Und dann ist da ja noch die Geschichte des Heiligen Romedius, der in Thaur hoch verehrt wird. Auch hier hat Chronos die Initiative ergriffen. Auf Einladung des Vereins stellte Dr. Walter Landi, ein Mittelalterspezialist aus Südtirol neue Erkenntnisse zur Person des Romedius vor. Kurz zusammengefasst: Der Mann ist sehr wohl eine historische Figur und keine Legende. Er stammte aus einem bayerischen Geschlecht, das Besitzungen in Bayern, im Inntal und im Raum Trient hatte. Romedius dürfte ein hochgebildeter Mann gewesen sein, der die Geschäfte für seine Familie geführt hatte. Die einige Jahrhunderte später aufkommende Mode, ‚Heilige‘ in seiner Familie zu finden, könnte die Nachfahren seiner Sippe angetrieben haben, diesen zum ‚Familienheiligen‘ ernennen zu lassen. Und damalss konnte  der Bischof von Trient solches auch tun. 
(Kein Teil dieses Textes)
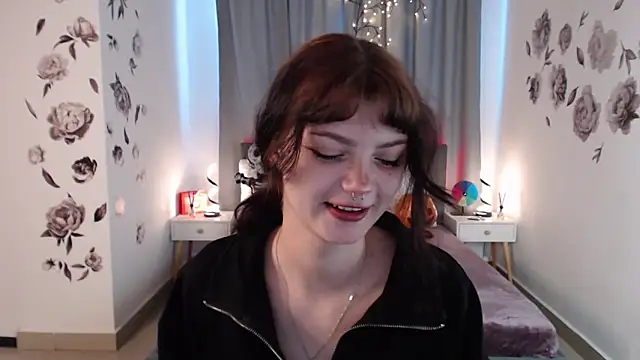 MileyRood online show from 11/04/25, 11:26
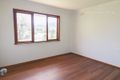 Property photo of 41 Chifley Crescent Kooringal NSW 2650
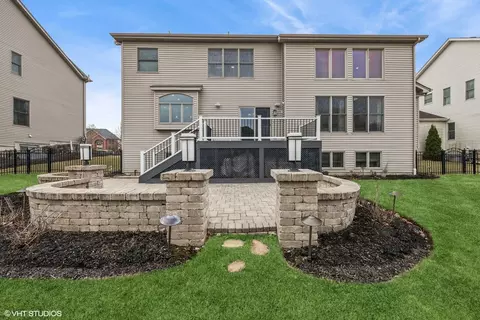 204 Melody Dr, Bartlett, IL 60103 photo 35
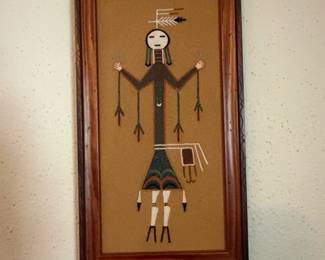 ABQ: SW & More Great Finds Friday & Saturday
Der Heilige Romedius auf einem Wandfresko in Thaur. Die Herkunft des Heiligen dürfte nun geklärt sein.

Und so ist der Museumspreis für Chronos eine offizielle Belohnung dafür, nicht nur alte Gemäuer vor dem totalen Zerfall gerettet zu haben, sondern die Fundstücke auch in einem einzigartigen Rahmen in ihrem Kleinmuseum „RUNDUMthaur“ im Obergeschoss des Romediwirts zu präsentieren. Es ist ein Kompliment für die Arbeit des Vereines, Licht ins mittelalterliche Dunkel von Thaur gebracht zu haben.

Wer jedoch die unerschütterliche Tatkraft des Chronos-Obmanns kennt, der weiß, dass da noch nicht aller Tage Abend ist.